WORK TASK: In your copy of the entries below, keep every word exactly and leave out all images.

(Collected data)
[Start of section]

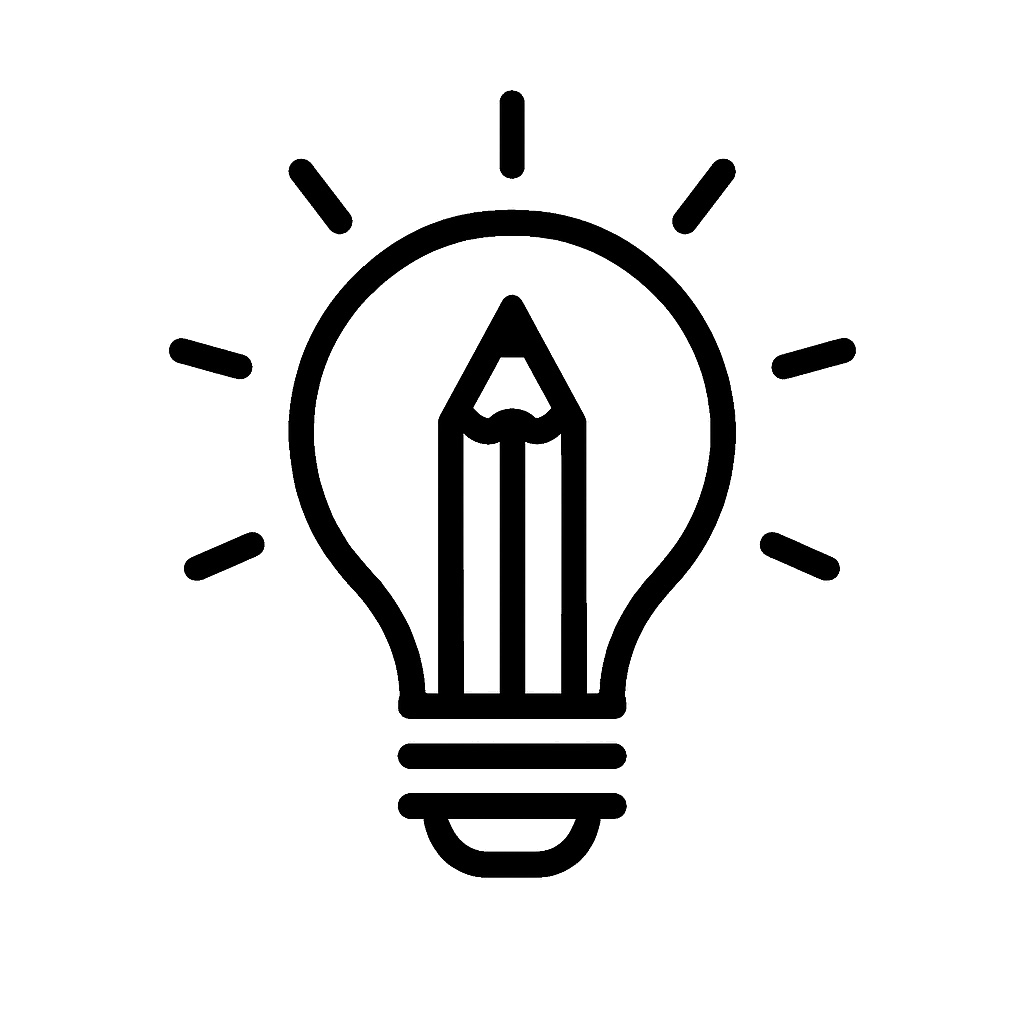 smart designs icon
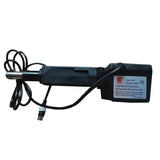 Lifting Motor Chair Tools 8000N/4000N Control Parts Dentals Chair Unit Down Motor Up Motor Electric Engine with Memory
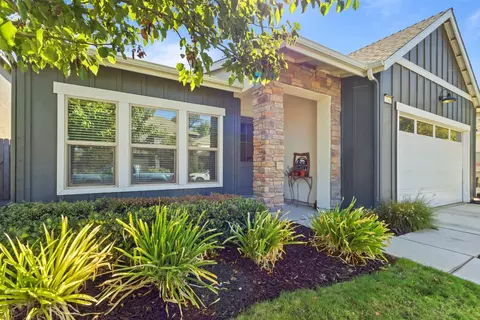 3760 Magellan, Merced, CA 95340 photo 5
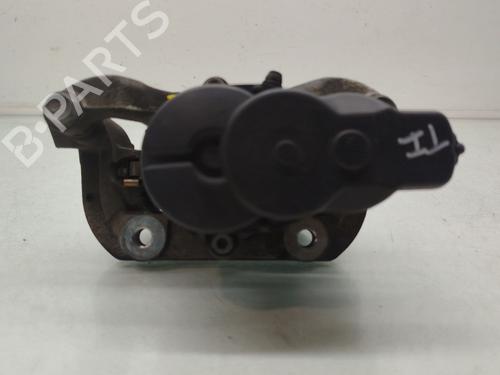 Left rear brake caliper LEXUS NX (_Z1_) 300h AWD (AYZ15) | BP32372456M107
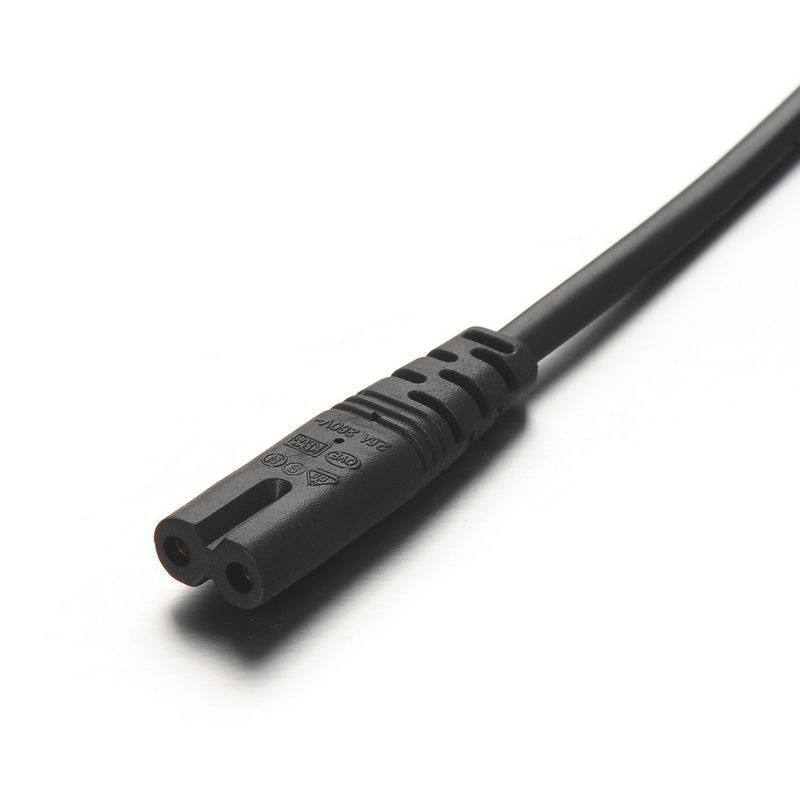 AbleGrid POWER CABLE Cord Compatible with HP PHOTOSMART C4780 C6240 C6250 C6270 C6275 C6280 C6283 PSU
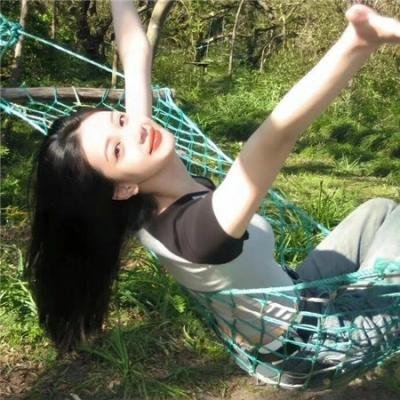 胜负反手拍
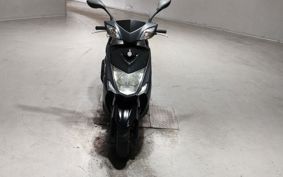YAMAHA CYGNUS 125 X SE46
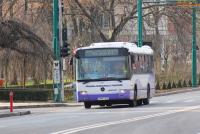 Imagine atasata: IMG_0026.JPG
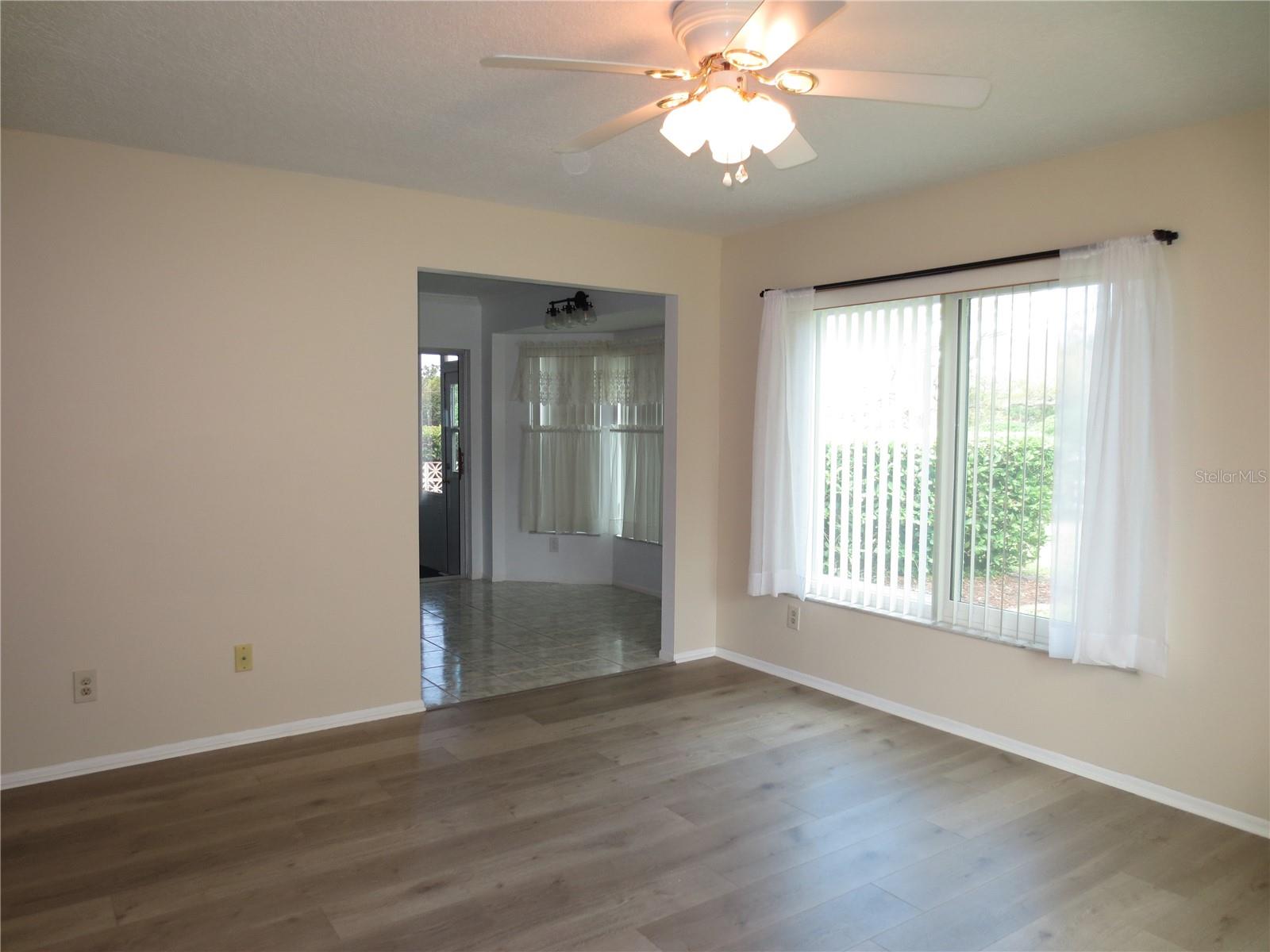 1972 SWEETGUM PL, PALM HARBOR, FL, 34684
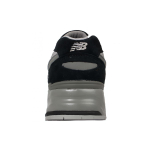 New Balance NB 999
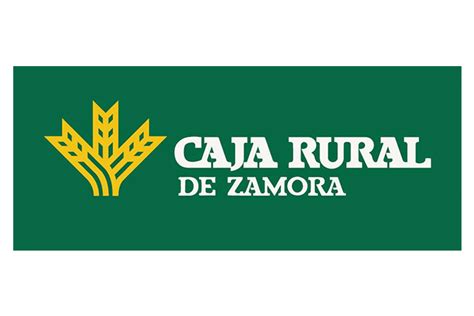 Caja Rural de Zamora incrementa su beneficio un 88%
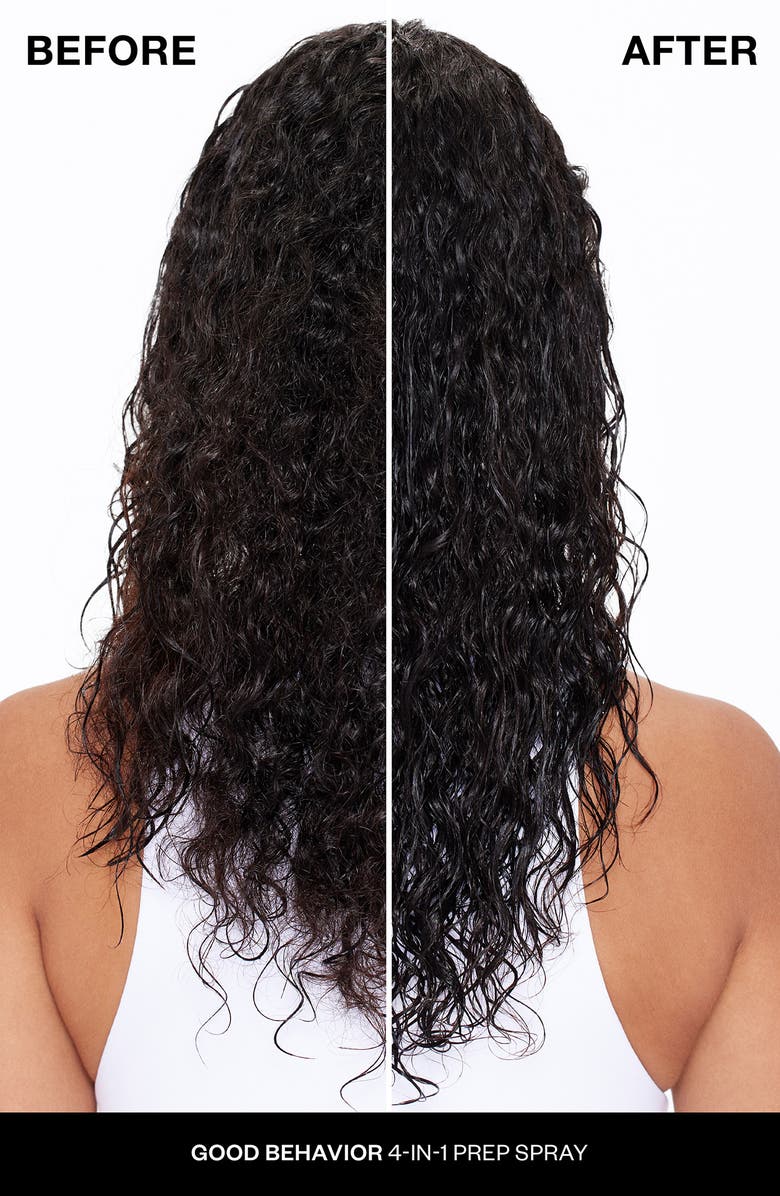 IGK So Smooth, So Soon Trio $100 Value, Alternate, color,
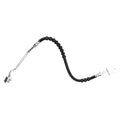 DFC 90-96 Jeep Wrangler Front-R Brake Hose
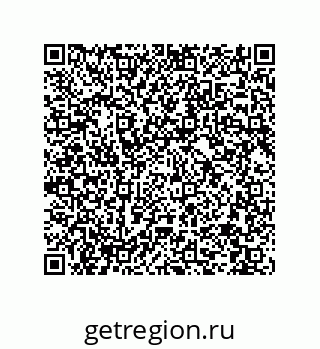 79681353446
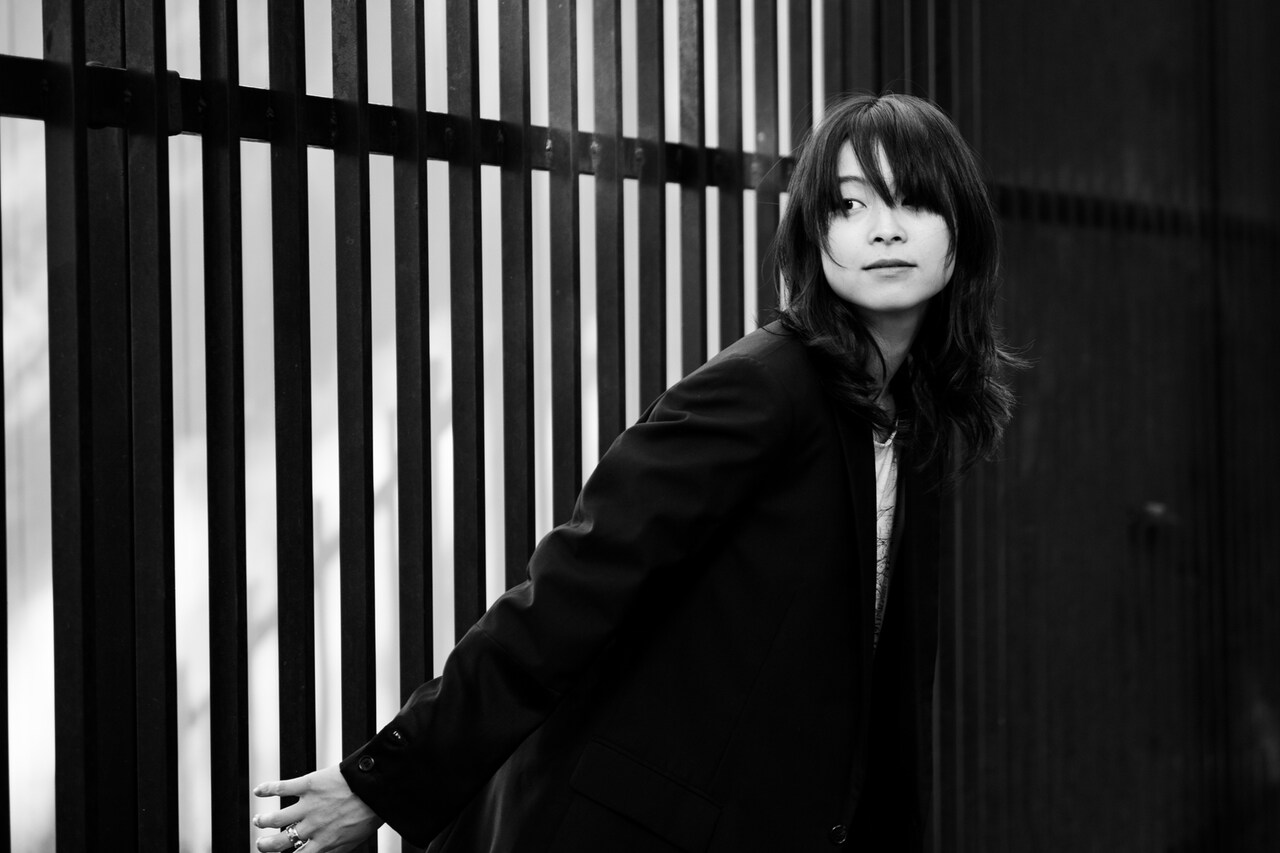 片平里菜「感謝巡礼ツアー」の“おかわり公演”を11会場で開催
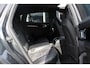 Porsche Panamera Sport Turismo 4.0 GTS / Panoramadak / Camera / Luchtvering / Softclose / Bose / Keyless / 21'' / Sportchrono+Design / Stoel+Stuurverwamring / Dodehoek / DAB / ACC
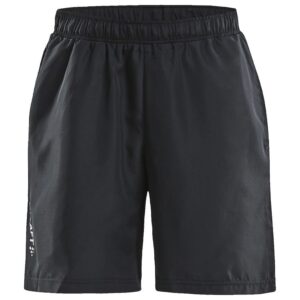 Craft Short Damen LVL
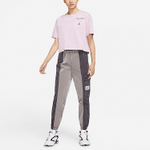 Штаны Jordan Essentials Logo, DD6996-286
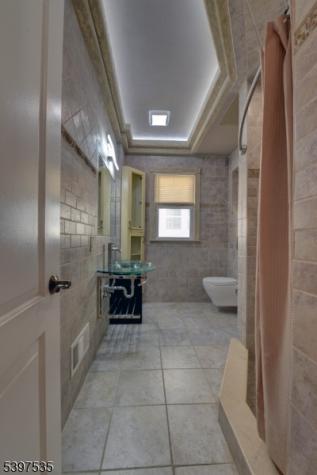 118 N 14th Street Prospect Park NJ 07508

[End of section]

ANSWER TO THIS TASK:
 smart designs icon
 Lifting Motor Chair Tools 8000N/4000N Control Parts Dentals Chair Unit Down Motor Up Motor Electric Engine with Memory
 3760 Magellan, Merced, CA 95340 photo 5
 Left rear brake caliper LEXUS NX (_Z1_) 300h AWD (AYZ15) | BP32372456M107
 AbleGrid POWER CABLE Cord Compatible with HP PHOTOSMART C4780 C6240 C6250 C6270 C6275 C6280 C6283 PSU
 胜负反手拍
YAMAHA CYGNUS 125 X SE46
 Imagine atasata: IMG_0026.JPG
 1972 SWEETGUM PL, PALM HARBOR, FL, 34684
 New Balance NB 999
 Caja Rural de Zamora incrementa su beneficio un 88%
 IGK So Smooth, So Soon Trio $100 Value, Alternate, color,
 DFC 90-96 Jeep Wrangler Front-R Brake Hose
 79681353446
 片平里菜「感謝巡礼ツアー」の“おかわり公演”を11会場で開催
 Porsche Panamera Sport Turismo 4.0 GTS / Panoramadak / Camera / Luchtvering / Softclose / Bose / Keyless / 21'' / Sportchrono+Design / Stoel+Stuurverwamring / Dodehoek / DAB / ACC
 Craft Short Damen LVL
 Штаны Jordan Essentials Logo, DD6996-286
 118 N 14th Street Prospect Park NJ 07508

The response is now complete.